Small Scale Manufacturing Stories: Sourcing Parts

10 July 2020, @OmerK

This lab note is equal parts a cautionary tale in sourcing parts for small scale manufacturing projects and a product defect notice for one of the Electrolama projects, the zzh.

tl;dr: If you’ve bought a zzh from the Electrolama Tindie store on June 20, 2020 and you’re seeing bad RF performance, you might have received a board that has a counterfeit component installed. This only applies to a subset of all zzh boards sold so please read the “Identifying faulty boards” section below for clarification. An email with a link to this note has been sent to all Tindie customers who purchased a zzh on June 20, 2020.

Follow along for the details of how this issue happened and what we will do to make things right. I am documenting this here in hopes that it will serve as a warning and a reminder to folks interested in getting things manufactured.

Unexpected Demand

zzh is a little USB stick form-factor wireless MCU development board that I developed as I was getting frustrated by the older-generation dongles used for Open-Source Zigbee Home Automation when I was rebuilding my smart home setup. With no real commercial plans for selling boards and purely as a weekend project, I pushed the design files up on Github in January and got an unexpected number of queries asking when these boards would be put up for sale. Thinking maybe this was a small group of enthusiasts, I ordered some boards and a stencil and hand populated a small number of boards, 5 at a time, that pretty much instantly sold out on Tindie the day I listed them.

With the waitlist getting longer and longer and no real chance of being able to hand-populate the number of boards required, I reached out to one of the factories I contracted in the past for a small trial batch of production. At the same time, I continued hand populating smaller panels in London and the combination of both the Shenzhen and London batches became the second set of boards that I put up on Tindie June 20, 2020.

When I sent the order for this batch to be produced in Shenzhen, I sourced most of the components directly from LCSC. Items that were not available from LCSC were sourced from a parts vendor from the Duhui Market in Huaqiangbei. I’ve met this vendor in person and ordered from him many times with no problems over the last few years.

PCBs and components were delivered to the factory, boards were tested with the “blink test” program to ensure MCU was running after assembly and then packaged and sent to me in London. I individually plugged them all in, ensured that the LED was blinking and erased the program before packing them in the ESD bags along with antennas and the plastic enclosure.

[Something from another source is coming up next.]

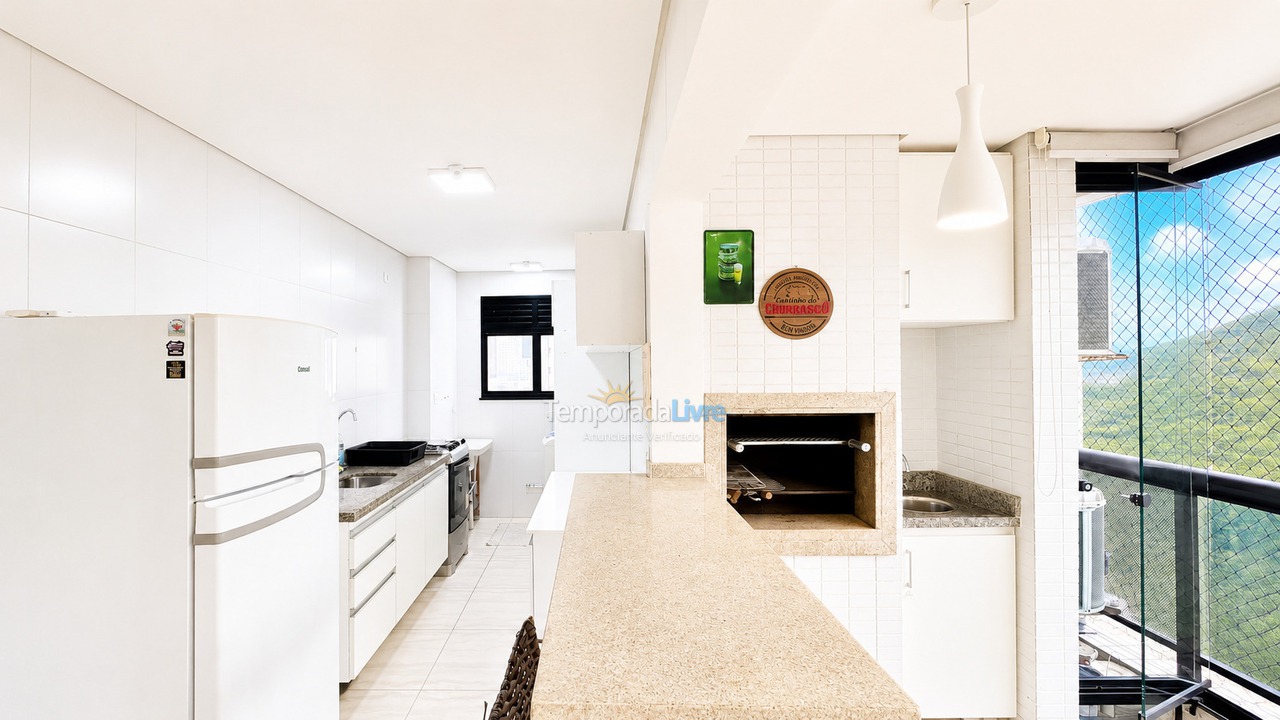 Apartamento para aluguel de temporada em Guarujá (Pitangueiras)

I do not have RF testing facilities in my tiny home lab in London so to test the radio functionality, I picked a handful of samples and plugged them into my home server that runs my zigbee2mqtt and HomeAssistant setup. I ran them for about half a day each, every single dongle worked fine with my set of devices and that gave me the confidence to deem this batch acceptable to go for sale on Tindie.

The Problem

The RF section of zzh is very simple, just an integrated filter/balun (LFB182G45BG5D920 from Murata) and a 0R link for the unused pi-filter before the SMA connector where the antenna plugs in:

A full reel of LFB182G45BG5D920 is 4000 pieces, given that this was a trial batch I did not order a full reel but instead sourced the quantity required (plus a safety margin) as “cut tape” from an existing reel. This is common practice for small/trial runs and as long as you trust your parts vendor/distributor this shouldn’t really cause issues. I also asked the vendor to take a photo of the reel these were cut from, just in case.

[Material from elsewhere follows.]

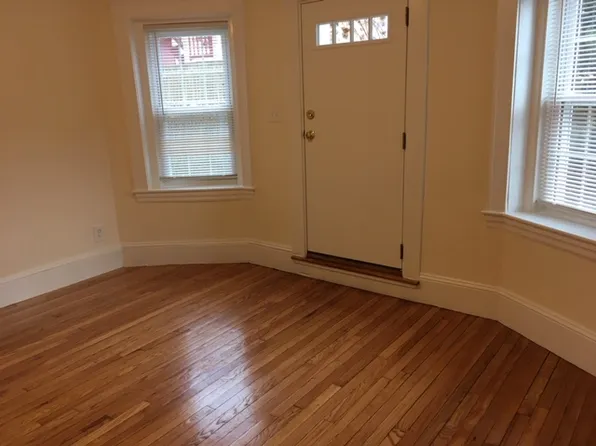 (undisclosed Address), Somerville, MA 02143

When working with a new CEM and procuring parts from different vendors, one should always be vigilant and ask for samples for approval before production starts. Given my history with both the CEM and the parts vendor, I skipped this approval step and gave the go ahead for production against my better judgement, in order to deliver boards as quickly as possible.

Following several tickets on Github and a few support queries over email, I realised something was not exactly right with the signal quality. Upon in-depth investigation, I discovered a component issue for part FL1:

The board on the left is from CEM “S” (see “Identifying Faulty Boards” section below) with parts procured in Shenzhen and the one on the right is a board I hand-populated in London with parts from Mouser.

Sample A (sourced in Shenzhen) has a slightly different colour than Sample B (sourced from Mouser). Upon noticing this, admittedly far too late, I asked the parts vendor for that photo of the reel the parts were cut from:

...and contacted Murata to ask if this difference in colour could be explained by different material sources or even different manufacturing plants. The answer I got back, in verbatim, is as follows:

Thanks for contacting us. Our quality dpt replied as below :

We, muRata, have not change ceramic material after mass production.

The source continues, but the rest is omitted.